L’Islam est une religion beaucoup plus rationnelle que le christianisme. Il n’y a pas de dogme de la transubstantiation de l’Eucharistie, de résurrection du Christ, de Sainte Trinité. L’Islam ne connaît pas les mystères sacrés de la foi. Mahomet est un homme, un homme plus grand que les autres, le plus grand de tous, mais non un Dieu. Dieu est souvent indiqué en levant un doigt vers le Ciel, à la fois pour désigner son séjour supposé, et l’unité divine. Moïse et Jésus sont des prophètes qui précédèrent Mahomet, inspirés par le même Dieu.
Il ne peut donc y avoir en Islam de caricatures de Moïse ou de Jésus, comme il y peut y avoir des caricatures de Mahomet en Occident. C’est dans ce sens que les musulmans disent que leur religion est tolérante. En fait, elle n’est pas tolérante : le Judaïsme et le Christianisme sont intégrés à l’Islam. Jésus et Moïse en font partie. Ils ne sont pas tolérés. Ce sont les Juifs et les Chrétiens qui sont tolérés, considérés comme infidèles à l’enseignement de leurs prophètes. Mais toutes les valeurs du Judaïsme et du Christianisme font partie intégrante de l’Islam. La charité, par exemple, joue un rôle encore plus grand que dans le christianisme, la famille joue un rôle aussi grand que dans le judaïsme.
Les marocains ont beaucoup de mal à comprendre que les Français ne sont pas « nasranis », c’est-à-dire chrétiens. Je leur explique, pour simplifier, qu’ils sont scientifiques, et que, pour eux, c’est une religion. Mais la plupart n’ont jamais entendu parler de Darwin (je parle du peuple, pas des médecins).
L’Islam est égalitariste. Cet égalitarisme fait que l’Islam est considéré par le peuple comme une protection contre les puissants. Il y a là un point de divergence totale avec l’Occident. Le catholicisme fut la religion de la noblesse. L’Eglise fut le pilier d’une société divisée en ordres (clergé, noblesse, le reste). Chaque ordre avait ses tribunaux et ses privilèges. L’Islam met tout le monde sur le même plan. Il n’y a ni Pape, ni évêque, ni même prêtres. L’imam dirige les prières, et ne reçoit de respect qu’à travers cette fonction.

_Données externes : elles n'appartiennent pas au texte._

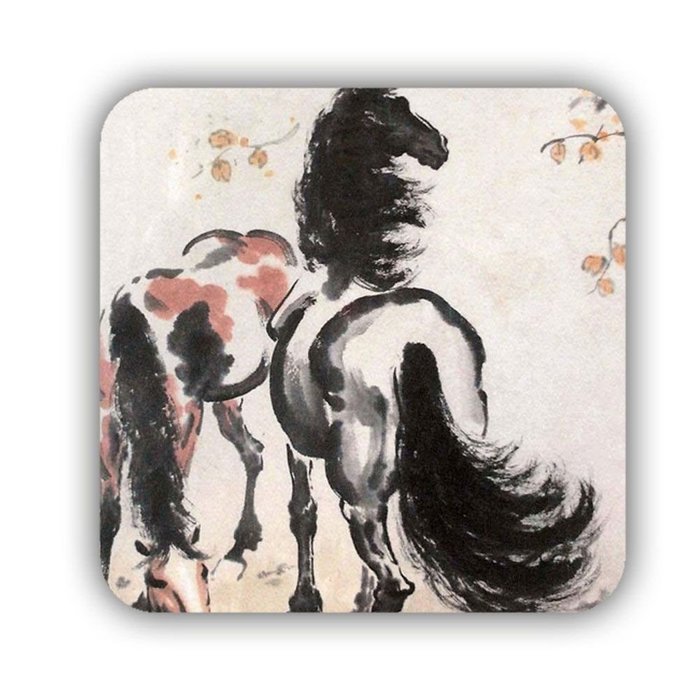 Generic Cup Mat Different Printed Asian Artists Horse Mdf Material N10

C’est pourquoi je considère l’Islam comme une religion de gauche, et il me paraît tout à fait naturel que l’on trouve une musulmane au NPA. Celle-ci d’ailleurs, ne voit aucune contradiction entre sa religion et son engagement politique. La contradiction vient du référentiel français, où la religion servit à l’oppression féodale, les rois étant sacrés par l’Eglise à Reims.

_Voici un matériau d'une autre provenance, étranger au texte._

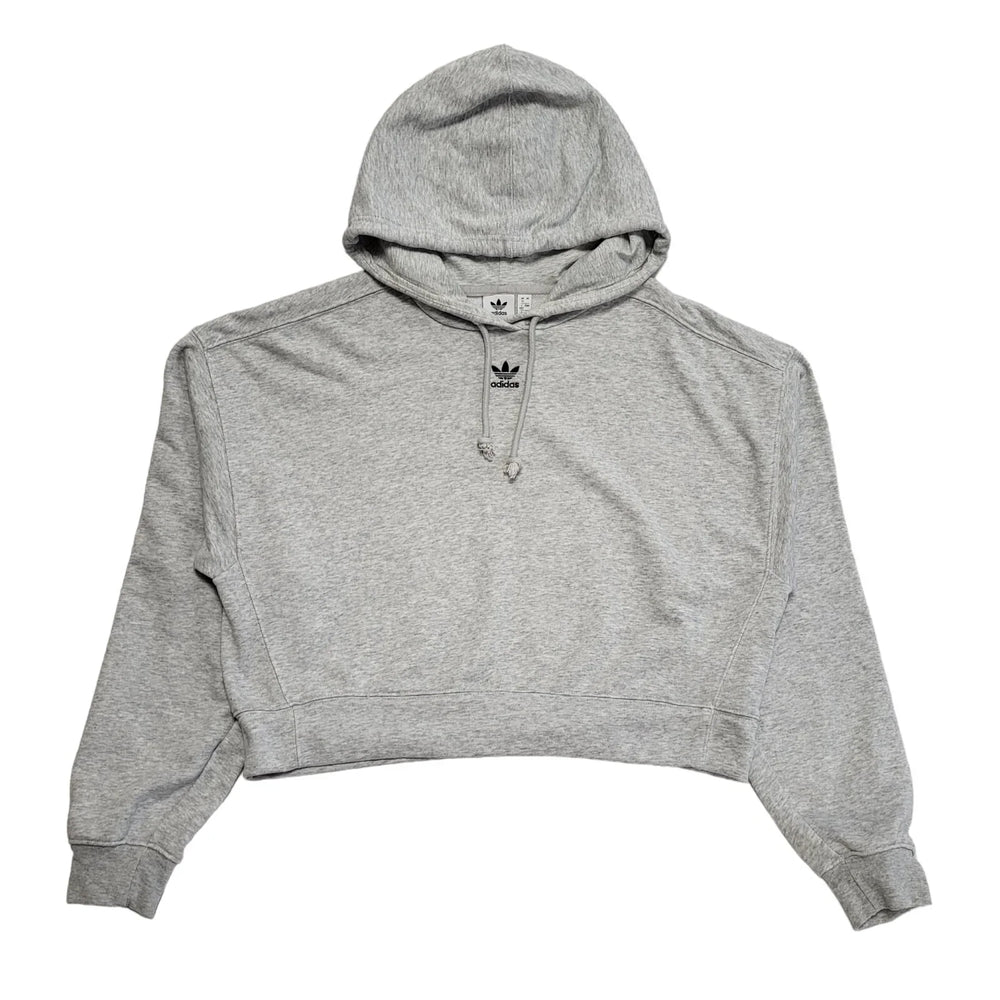 Adidas Grey Cropped Sports Hoodie Drawstring Womens UK Size 12 DD605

L’arabe est la langue sacrée des musulmans. Comme le latin pour l’Eglise, mais encore plus car le premier texte en arabe est le Coran. Toutes les formules de politesse en arabe évoquent Dieu. Aucune proposition au futur qui ne s’achève sur Incha Allah (si Dieu le veut). C’est pourquoi ce serait une grosse erreur d’enseigner l’arabe dans nos lycées. Le fanatisme qui déferla sur l’Algérie suivit, à 20 ans d’écart, l’arabisation de l’enseignement. Mais nos génies politiques qui veulent interdire le voile intégral (marginal), veulent introduire l’arabe au lycée (dont l’effet est massif).
Mais qu’est ce qu’ils veulent ? La guerre civile ?
J’arrête là, je sens que je vais de nouveau entrer dans la polémique.